At the end of 12-hour shifts, dog-tired and sometimes hungry, they'd sit cross-legged in a circle. Over cups of tea and candies, they tackled some of the most technically difficult poems written by the great Sufi poets, occasionally pausing for philosophical reflection over individual words -- "fog," "mirror," "silence."
Every now and then, when they found themselves stumped, they'd call upon a poet and Bedil scholar, M. I. Negargar. Calls to the former Kabul University professor -- who had taught one of the cabbies and lives in England -- soon became an integral part of their readings. Chipping in 25 to 50 cents each, they'd buy a phone card and hunch over the speakerphone as the professor brought the poems to life.

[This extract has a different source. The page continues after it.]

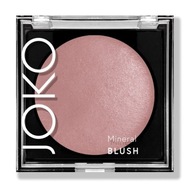 Joko Mineral Blush Spekaná minerálna lícenka č.17 1s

As Afghanistan degenerated into civil war in the 1990s, ethnic tensions flared among the exiled Afghans. Hoping that poetry would unite the community, the cabbies joined other like-minded Afghans to underwrite monthly public readings.
"People were revolted by politics," says Hashim Rayiq, a local Afghan civil engineer who helped formalize the poetry sessions. "I said, 'Let's have at least one night without politics.'"

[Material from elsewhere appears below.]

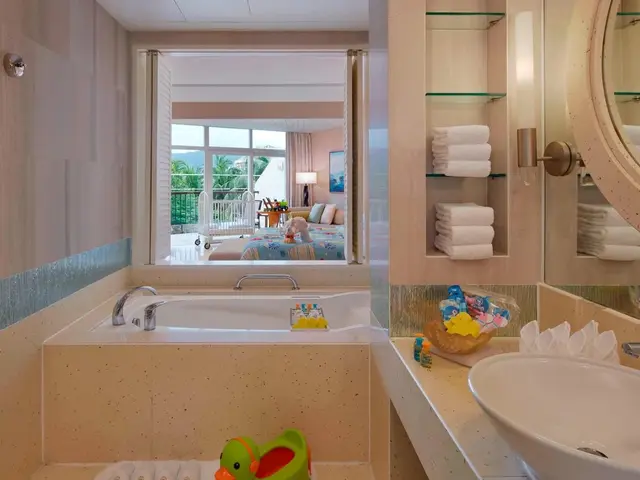 фото Sheraton Sanya Resort изображение №86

The group they formed in summer 2000 -- "An Evening of Sufism" -- was quickly a hit. Within months it was holding monthly gatherings attended by hundreds, first in a banquet hall and later in a church and eventually in the Masonic Lodge. As the Taliban fell in 2001, it thrived.
"No Afghan organization has lasted six years," Mr. Rayiq says proudly.
Unless you count a 2004 rupture, that is. Maroof Popal and others say "An Evening of Sufism" was infiltrated by Tajik nationalists who supported the Northern Alliance, as well as former Afghan Communists. The newcomers, they say, tried to exclude the works of Pashtuns -- Afghanistan's dominant ethnic group, from which the Taliban hailed -- from the proceedings.
Wali Popal, the moderator of "An Evening of Sufism," denies the charges.
Yet even before politics intruded, some of the cabbies, who were never comfortable with the proliferation of poets and the size of the new group, had been itching to return to the Bedil readings and scholarly debates. Along with Maroof Popal, they broke away and founded "An Evening with the Dervishes" in late 2004.
One December night, the Dervishes dedicated their session to Prof. Negargar, whom they flew in for the occasion. More than 300 people showed up, mostly men in suits or black leather jackets, cell phones and keys dangling from belts. The only music for the evening would be the classical sitar, played by the son of one of India's great musicians, the late Vilayat Khan.
A silence fell over the hall as the professor spoke for two and half hours on the "concept of the unity of God in world religions" with dozens of lines of classical poetry recited from memory.
Four months later, "An Evening of Sufism" hosted an evening about Sa'duddin Ansary, a little known, second-tier 18th century poet. Wali Popal arranged for several of the poet's descendants to attend. A crowd of 200 showed up, nearly one third of them women.
The poems of Ansary moved the audience, but the loudest applause was reserved for the young poets, including the editor of an Afghan cultural magazine who read her poem lamenting suicide bombings. The evening ended with pop tunes performed by an Afghan keyboard player wearing a black shirt with a stenciled-on white tie.
Prof. Negargar says the sparring between the two groups is a little juvenile. "It is like a third grader who has started reading history poking fun at a first grader because the first grader studies only reading and math," he says.